◆ Task description ◆
Please transcribe, word for word, only the lines from the one containing "this 450×320 image." through the last line of the records below, both included, and leave out every picture.

◆ Records provided ◆
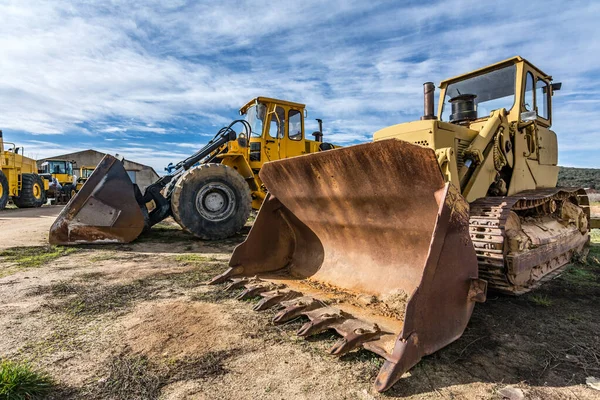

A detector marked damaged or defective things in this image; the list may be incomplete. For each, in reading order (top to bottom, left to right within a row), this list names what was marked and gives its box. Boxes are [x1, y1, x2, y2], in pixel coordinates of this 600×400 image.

rusty bucket attachment [49, 155, 145, 244]
rusty bucket attachment [211, 140, 488, 390]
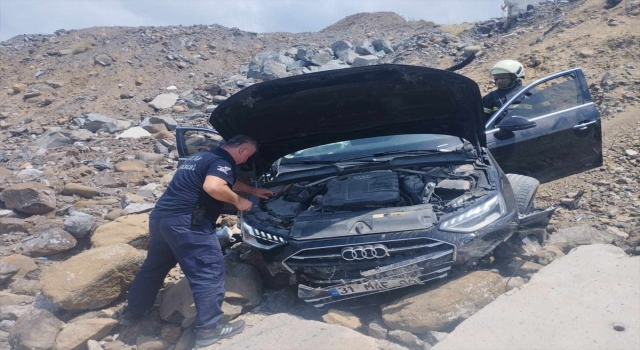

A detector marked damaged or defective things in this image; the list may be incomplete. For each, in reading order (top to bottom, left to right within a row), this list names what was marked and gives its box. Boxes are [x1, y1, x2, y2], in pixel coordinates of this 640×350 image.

damaged black sedan [178, 64, 604, 308]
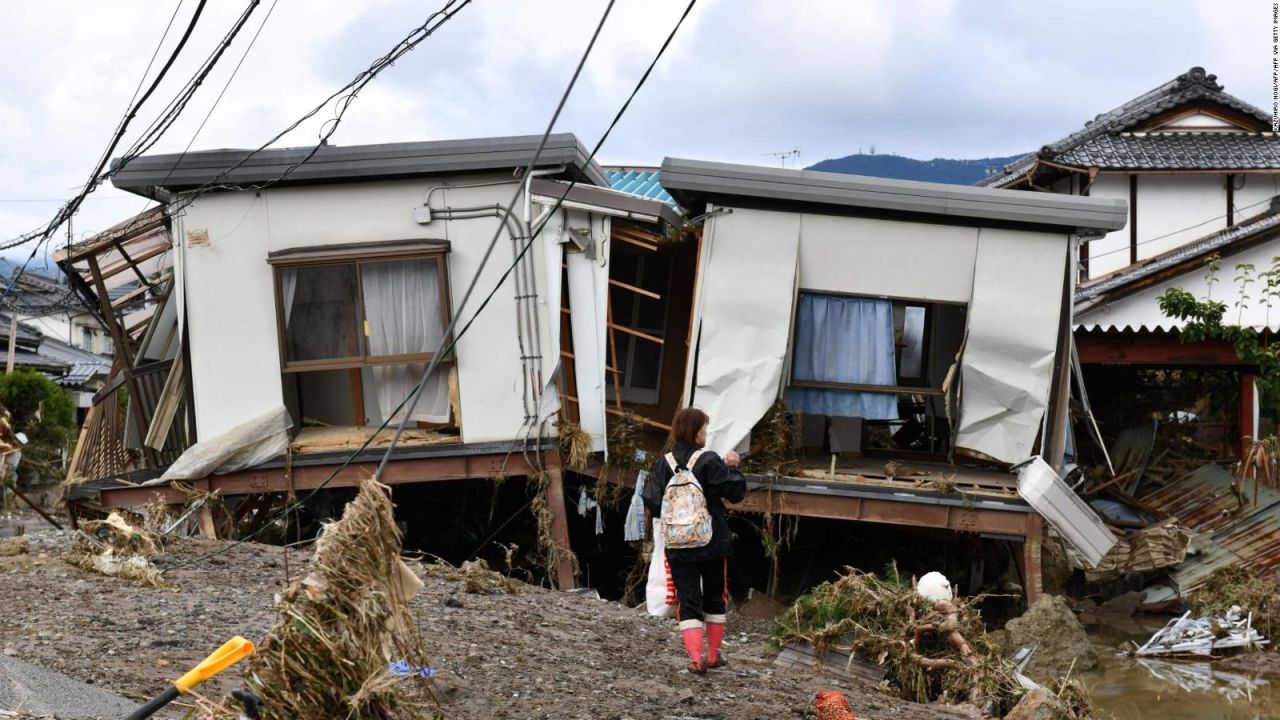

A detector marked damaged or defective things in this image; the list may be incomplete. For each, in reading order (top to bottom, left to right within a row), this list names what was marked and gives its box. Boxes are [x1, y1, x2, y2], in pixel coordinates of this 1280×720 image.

damaged roof [110, 133, 608, 198]
damaged roof [664, 158, 1128, 233]
damaged roof [984, 66, 1272, 188]
broken window [268, 245, 452, 430]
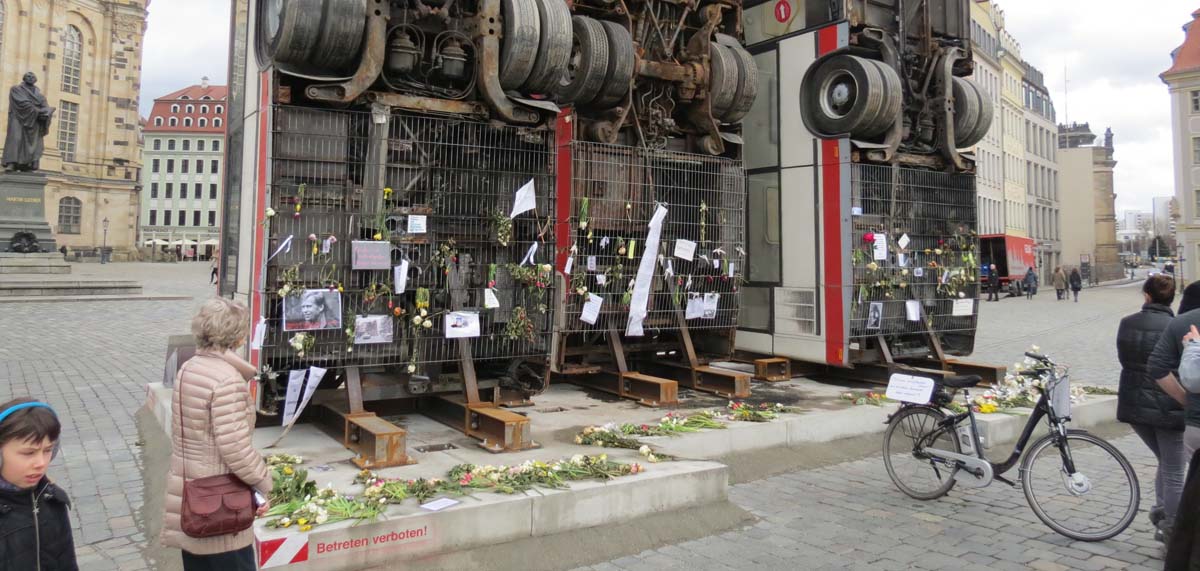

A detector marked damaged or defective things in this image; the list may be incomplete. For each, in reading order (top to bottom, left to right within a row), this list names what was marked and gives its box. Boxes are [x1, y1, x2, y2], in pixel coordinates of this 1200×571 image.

rusted bracket [307, 1, 391, 102]
rusted bracket [472, 0, 540, 124]
rusted bracket [931, 46, 969, 171]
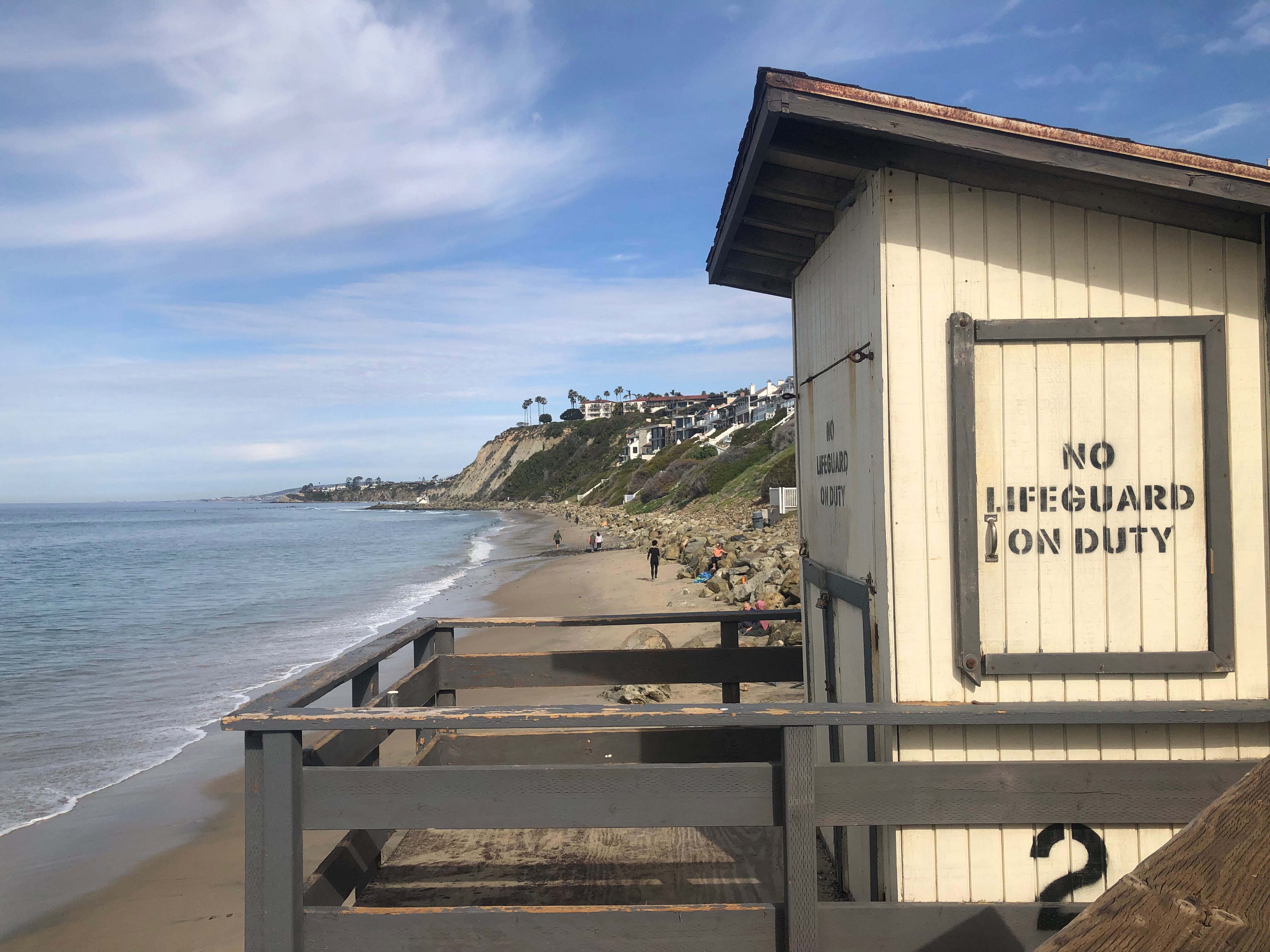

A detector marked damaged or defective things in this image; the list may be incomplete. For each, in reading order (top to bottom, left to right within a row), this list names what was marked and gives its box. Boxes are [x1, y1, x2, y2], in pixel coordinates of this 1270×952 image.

rusted roof edge [766, 70, 1270, 185]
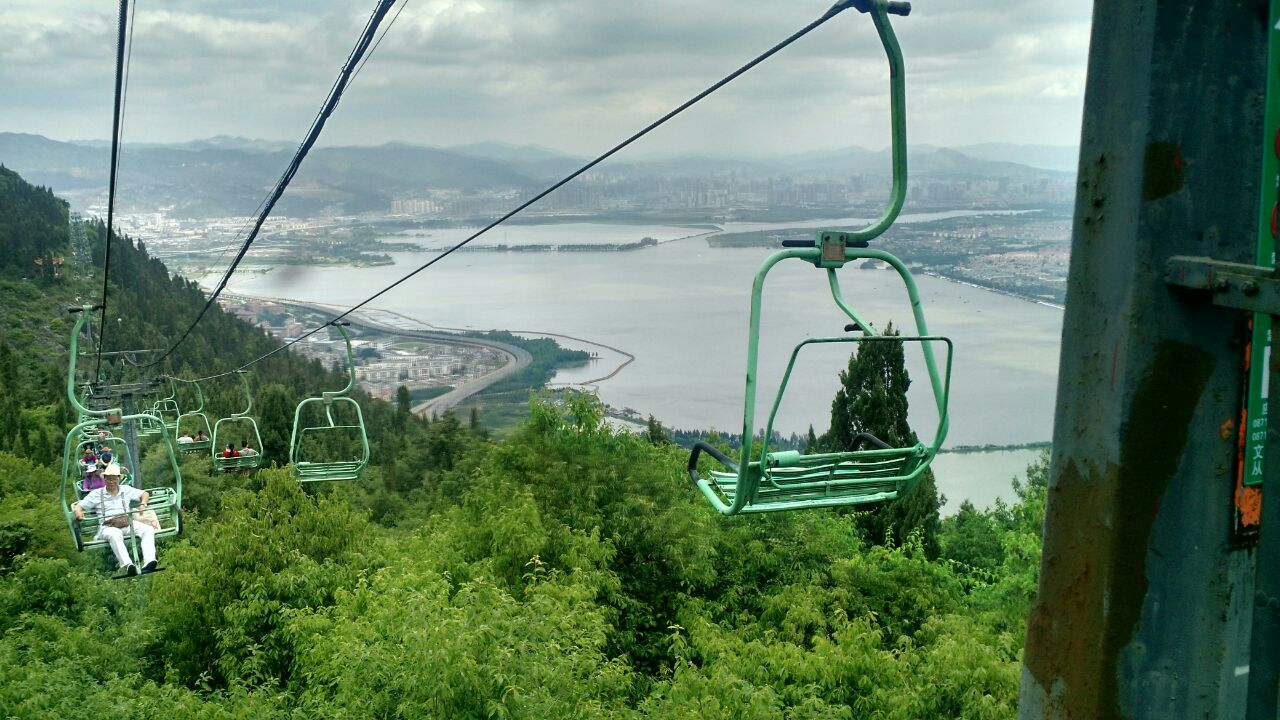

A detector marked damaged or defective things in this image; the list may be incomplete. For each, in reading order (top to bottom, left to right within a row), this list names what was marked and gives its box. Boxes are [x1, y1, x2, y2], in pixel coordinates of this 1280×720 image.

rusty metal pole [1018, 0, 1269, 712]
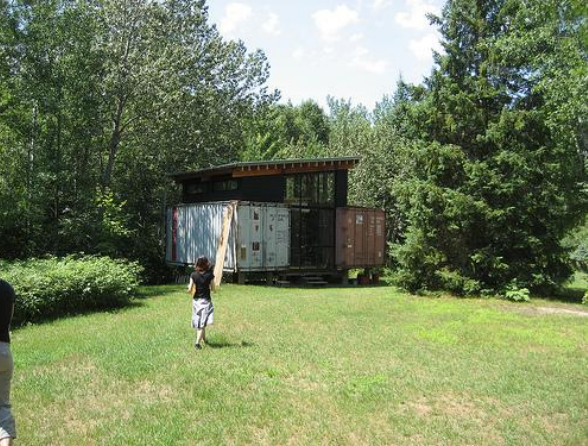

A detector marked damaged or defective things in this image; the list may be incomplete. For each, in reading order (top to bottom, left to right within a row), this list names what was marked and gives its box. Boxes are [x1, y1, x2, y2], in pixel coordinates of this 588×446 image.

rusty brown shipping container [336, 208, 386, 268]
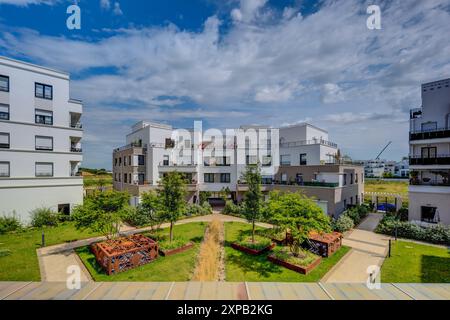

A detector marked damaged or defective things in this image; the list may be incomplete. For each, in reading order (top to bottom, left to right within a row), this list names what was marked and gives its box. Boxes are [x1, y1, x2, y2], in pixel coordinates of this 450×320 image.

rusted corten planter [90, 232, 159, 276]
rusted corten planter [266, 254, 322, 274]
rusted corten planter [308, 230, 342, 258]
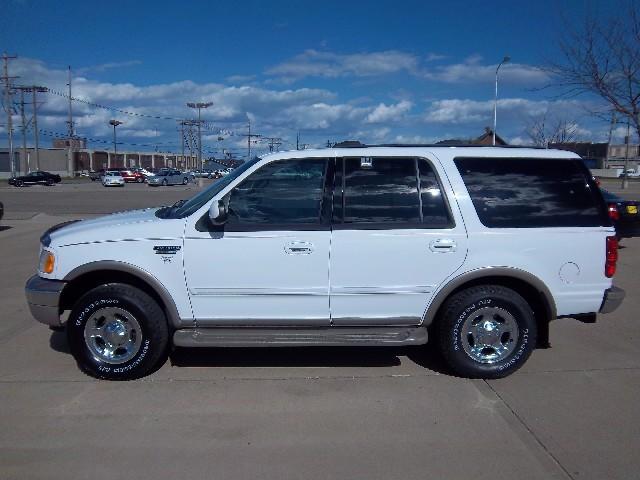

◆ The completed task ◆
A detector marked damaged or defective things in this image; the list may be incomplete. For each, in reading order (top to bottom, left to right within a row), this list names what was marked and gives its box. Boxes are [x1, y1, x2, y2], in pixel coordinates of this 450×320 image.

rusted corten planter [90, 232, 159, 276]
rusted corten planter [266, 254, 322, 274]
rusted corten planter [308, 230, 342, 258]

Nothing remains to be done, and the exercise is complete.